Atkins invites spectators into a sense of playfulness and joy in his large works. Each piece is around 70×90 inches and, in person, draws you into the colors and shapes. Symbols create sweeping gestures of emotion. In “Come, Sing Hallelujah, figures have their arms raised, crossing over each other to create a sense of connection. Behind them, a circular shape the color of a golden morning sunrise seems to impart its hue on the spectrum of colors throughout the image.

Being There Victor Atkins

Being There

“Being There” layers blues and purples with bright yellow and orange. A blue spiral in the center is surrounded by two figures arching toward each other. They are framed by the curving shapes of a ladder and a door. Woven into the chaotic red, yellow, and green lines, the spiral and shades of blue throughout are a calm settling over and inside the frenzy.

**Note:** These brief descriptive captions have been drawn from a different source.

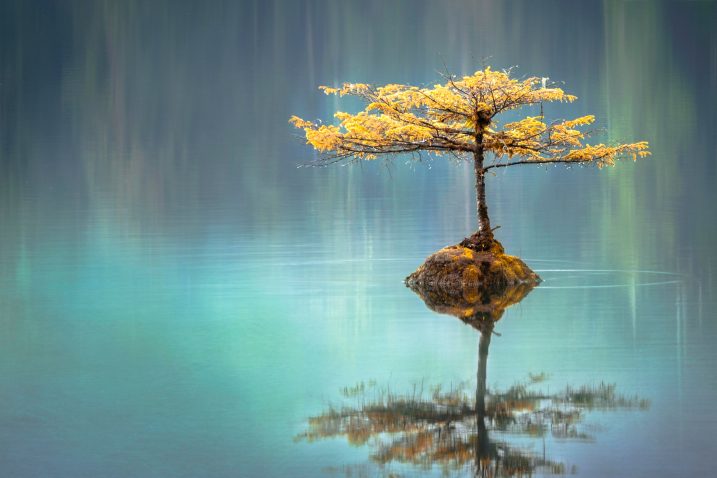Foto: Unsplash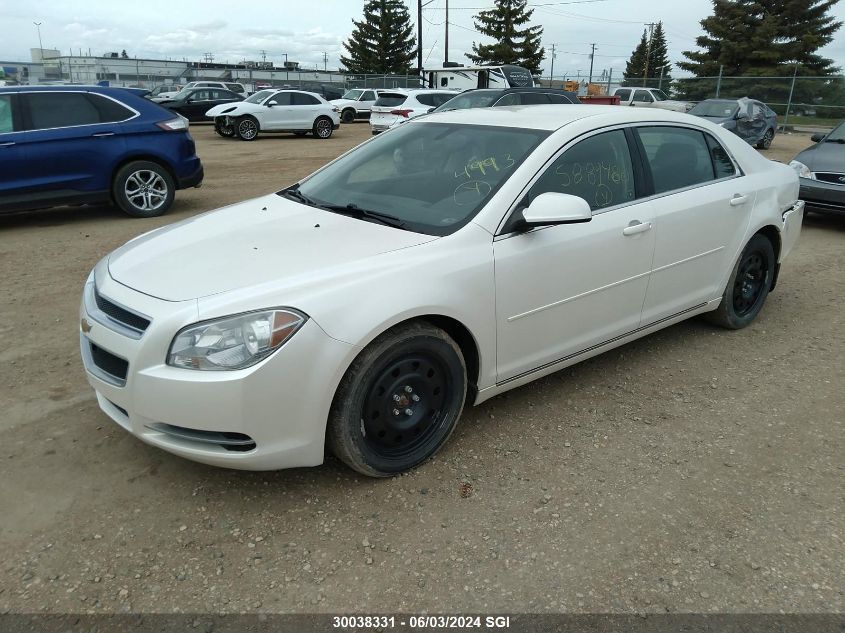 2010 Chevrolet Malibu 1Lt VIN: 1G1ZC5E09AF154993 Lot: 30038331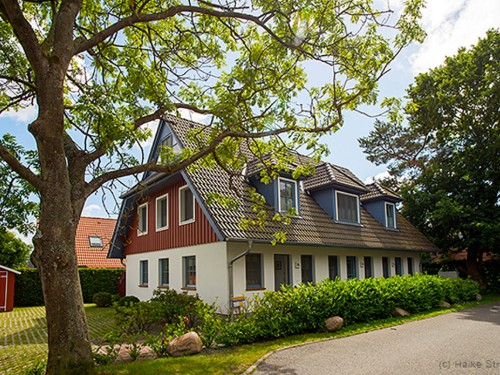 Sommerhus - 5 personer -  - Waldstraße - 18374 - Ostseeheilbad Zingst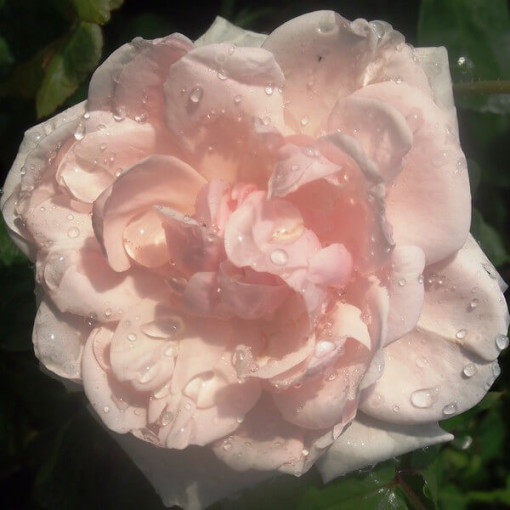 Popínavá růže 'New Dawn' kontejner, 2L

It seems that Atkins has returned to the darkness that he witnessed at Rockaway Beach, and art is again a light. This time it isn’t an escape born from his own abilities, but a conscious decision to let the inspiration of spiritual wholeness fill his canvases. He sees the spiritual communion of painting as, “committing beauty back to the source of beauty.”

He is currently experimenting with the idea of creating an interactive installation using sound and sculpture also inspired by Kensington. While Atkins isn’t sure about what shape these ideas will take, he is ambitious and, most of all, inspired. He says that the spiritual engagement in his approach to art allows “things that I think I’m not capable of doing happen.”